Global CMO market to cut costs by outsourcing production to Asia

Overall cost of drug manufacturing is up to 50% cheaper in India, says report

Contract manufacturing organisations (CMOs) are set to become progressively more popular as Western pharmaceutical companies outsource production to Asian countries with the aim of cutting costs. The overall cost of drug manufacturing is up to 50% cheaper in India than in Western countries, which is pushing Big Pharma abroad, a new report says.

According to the Downstream Processing in Biopharmaceuticals report from market research company Companies & Markets, CMOs have evolved from initially providing basic manufacturing services to offering a wide range of services that suit the demands of the market and outsourcers. They are equipped with the expertise, resources, technologies and tools to save cost and time.

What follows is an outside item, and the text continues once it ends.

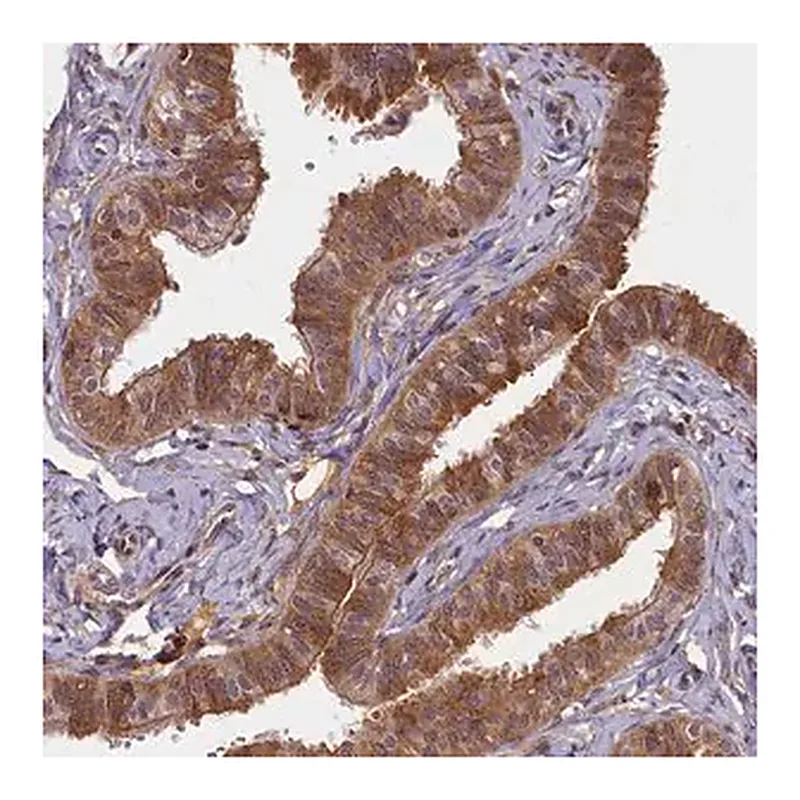 Merck Anti-BICD1 antibody produced in rabbit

Major CMOs offer upstream and downstream manufacturing functions equally and, in addition to manufacturing in biopharmaceutical production, they also offer clinical trials, logistics, packaging, and marketing.

The US CMO market is the largest for pharmaceutical contract manufacturing, having generated approximately US$10.7bn in revenues in 2011, the report says.

The industry is expected to grow at 7–9% until 2016, driven by the steady growth of the US pharmaceutical industry, as well as increased outsourcing of Big Pharma, which is focusing on core competencies to improve profit margins, but the US will continue to face a challenging economic environment in the near future, the study finds.

Price will be a significant factor in determining contracting for solids, but quality and proprietary platforms will become more important in sterile manufacturing services.